A brisk breeze carried us further into the shady cove.
"Looks like Small Mouth territory," Jerry declared, "It's jitterbug time, " he smiled, as he attached his favorite lure for top water fishing.
I watched as he cast his line towards the bank, and cringed, as the many hooked creature, flew over a low hanging branch, hooking into it. Ah Oh, I frowned knowing, some how, I would be involved to remedy this problem.
"Paddle me closer. "
I dug in the paddle pulling forward,
"Stop, hold it right there."
I back paddled, making a Herculean effort to stop our drifting canoe. I felt something brush my arm, but remained intent on jockeying the canoe. After choice words , much tugging, and a final snip, the lure was rescued and reattached.
Still watching the Jerry Show, I reach for my new Zebco Silver Edition rod and reel. I looked down and screamed , " It's gone!" My birthday present had dis appeared, knocked into the Tamarak stained waters, during the jitterbug rescue. I felt sick. Just a half hour earlier, I had caught our supper, a handsome, five pound, Small Mouth Bass, He had danced around with me for fifteen minutes.
Now it was gone. We had no ideas how deep the water was, and no desire to dive around looking for it. So I reluctantly said good-by to the best and only rod and reel I ever owned.
We paddled back to camp, in time for me to cook the Bass to lemony perfection, I sealed it in a foil pouch with lemon slices and a liberal sprinkle of lemon pepper, and olive oil. It drew rave reviews, but I mourned my loss!
Morning came and my sweet hubby appeared at the door of our tent. " Morning Sunshine I brought you breakfast in bed,"
I pulled off the napkin and quipped," Northern Pike and scrambled eggs way out here in the boonies!"
I slid out of the tent and sat on a rock mesmerized by the lakes reflected red streaked sunrise, and savored every bite of breakfast.
Jerry's brother, Gene announced, I've got a stringer full of Walleye, I caught yesterday, for our feast tonight."
Walleye, pulled fresh from the deep, cold, boundary waters, had a superb sweet flavor. The Walleye feast was a cherished ritual.
"Let's head to Curtain Falls today, You won't want to miss it," Gene said.
Sue, my sister-n-law, bounced up and down. She was the newbie this trip. Each day brought a fresh adventure.
After paddling so far, I wondered if anyone's arms had ever fallen off.
The roar of the falls said we were near. We rounded the bend to the natural beauty of water sparkling and flowing like a great lace veil or curtain, over an eighty foot drop.

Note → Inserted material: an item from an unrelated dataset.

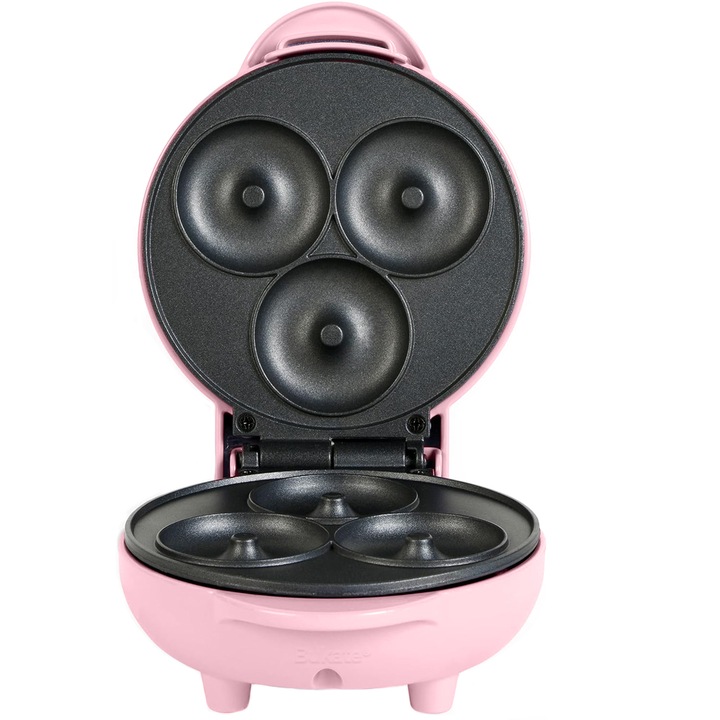 Mini Aparat de facut Gogosi, Bukate®, Placi Antiaderente, Indicator Luminos, Cherry Pink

Tears welled in my eyes as I beheld the scene once more. I looked up to see Jerry flick something from his eye, and I thanked God for his provision and his glorious creation.
We pulled out our peanut butter and jelly sandwiches for a quick lunch.
Gene shuttered his eye and looked around, as the wind rose, " I think we need to move towards camp."
We launched the canoes and four paddles dug in deep and fast. In a mile or so the storm hit with, thunder, lightening. Then hail, the size of mothballs, pelted down, The wind whipped the waves ever higher. I paddled and prayed giving thanks for life vests. I was sure any moment we'd be thrown into the deep.
Four grateful campers scurried through rain, unzipped tents, and dived in.
The storm sputtered out. When we came out, Gene was frowning.
"What's wrong?" Jerry asked.
Gene held up the empty stringer. "How does macaroni and cheese sound for supper?"
Leaving the boundary waters required several portages, then a motorboat ride to another portage where an old school bus takes you over mountain.
Two, fifty something, lady campers, sat facing me on the bus.
"How was your trip?" I asked.
One lady shook her head and said,
"Zip, zip zip," as she motioned pulling a tent zipper.
The other grinned, and said,"Lead me to a steak dinner."
"Tired of fish?" I asked.
She frowned and made the universal sign for gag me with a spoon.
I feigned sympathy.
"Thank you, Lord, for my love of a simple fish meal. Come to think of it, that was your specialty."